Two Family House


Two Family House is a 2000 American film produced by Alan Klingenstein, based on the story of the uncle of the film's writer and director Raymond De Felitta. The film won the Audience Award at Sundance 2000. Many of the film's actors later reached national prominence as part of the HBO cable television series The Sopranos, including Michael Rispoli, Kathrine Narducci, Matt Servitto, Vincent Pastore, Joseph R. Gannascoli, Sharon Angela and Michele Santopietro. The songs on the film's soundtrack were done by John Pizzarelli and his trio, a jazz recording artist.

Plot

An unseen narrator looks back to the year 1956, in the Elm Park neighborhood of Staten Island, New York, to one Buddy Visalo, an Italian guy with "Ralph Kramdenesque" dreams.
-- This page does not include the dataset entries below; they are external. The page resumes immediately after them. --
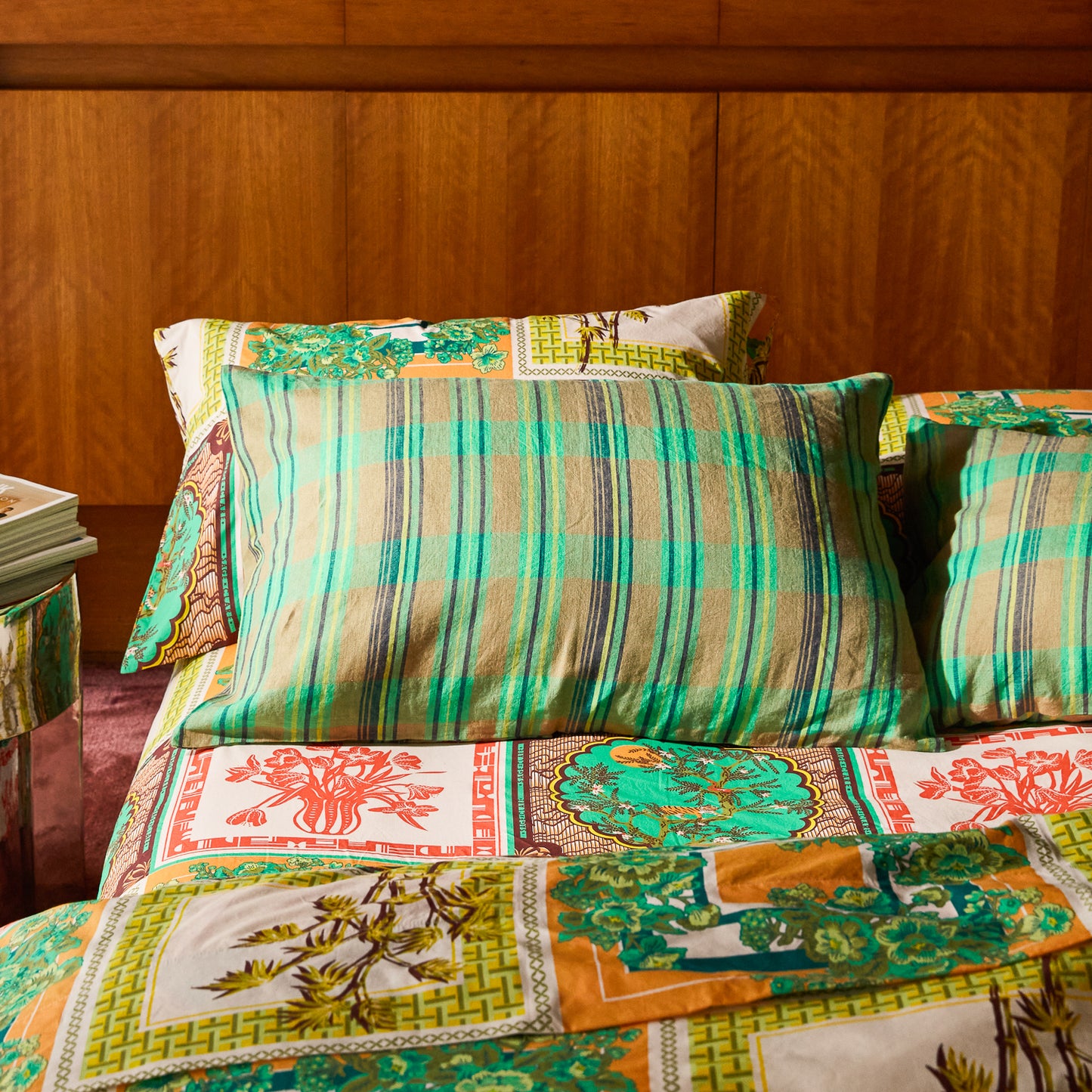 Nicolette Linen Pillowcase Set - Juniper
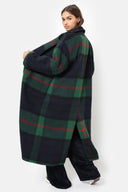 Harlow Wool Coat | Tartan Checks  Ame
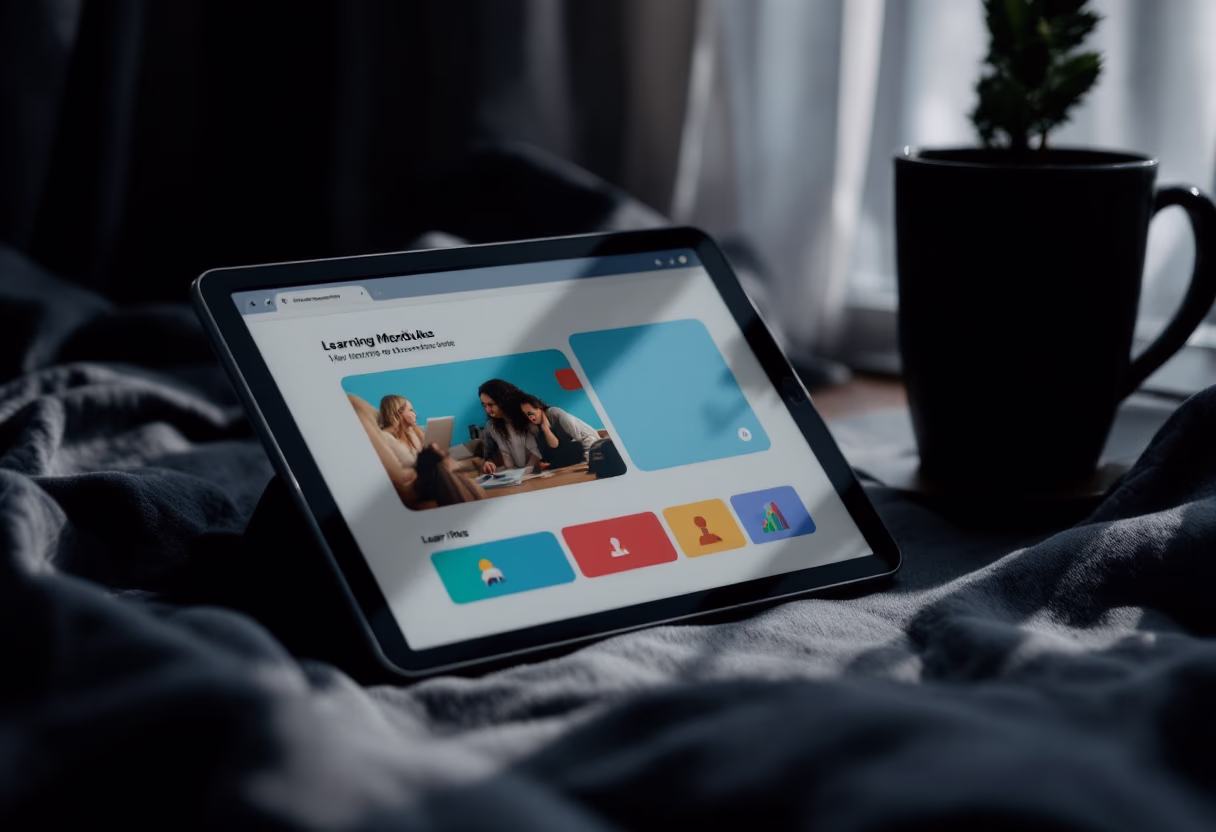[interface] image of a screenshot of a learning module (for an edtech)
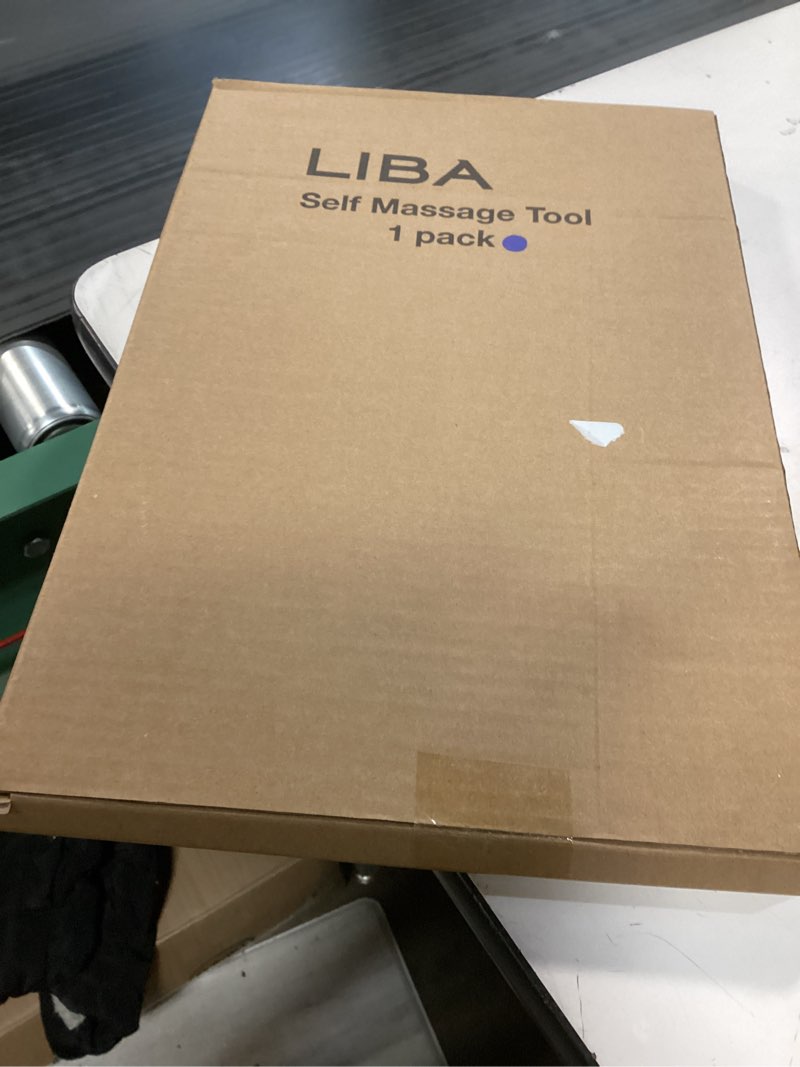 Condition photo showing Good Condition for LiBa Back and Neck Massager - Trigger Point Massage Tools for Pain Relief and Manual Massage Hook Therapy Handheld Back Neck Shoulder Massager Blue - Gift for Women & Men A. Blue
Buddy is a wannabe crooner. Buddy had nearly been discovered by Arthur Godfrey ten years earlier when he performed at a USO show while in the service. His fiancée, Estelle, gave him a Hobson's choice: “Who's it gonna be, Buddy, Arthur Godfrey or me?” In a decision he’ll live to regret the rest of his life, he chooses Estelle, and over the next 10 years tries all sorts of schemes to get ahead. “I just wanna be somebody!” he’ll declare.
Italian-American Buddy decides to buy a dilapidated two-family house in the Irish section of town, intending to live upstairs with his wife Estelle and run a bar downstairs, where he could live out a smaller version of his dream, singing along to a "Music Minus One" jukebox. Estelle has no confidence in Buddy, just wants a “normal” blue-collar husband who, most of all, won't "embarrass" her by doing anything to make himself stand out, and manages to undermine his plans time and time again. He discovers, to his dismay and her horror, that the upstairs Irish tenants, a drunken, violent older man and his very pregnant young wife refuse to move and won't pay rent.
When the baby is born, it's clear his father was black – and the much older, drunken Irish husband immediately skulks off, knowing it's not his child. Buddy evicts mother and child, then feels guilt and sets her up in a flat while she sorts out an adoption. Estelle's lack of faith, the small-minded prejudices and low ambitions of his “friends,” the Irish lass's spirit, Buddy's dream, racial prejudice, and the baby's fate play out in an engaging story with real chemistry between the leads and a message that ultimately exemplifies a Joseph Campbell-like "Follow your bliss."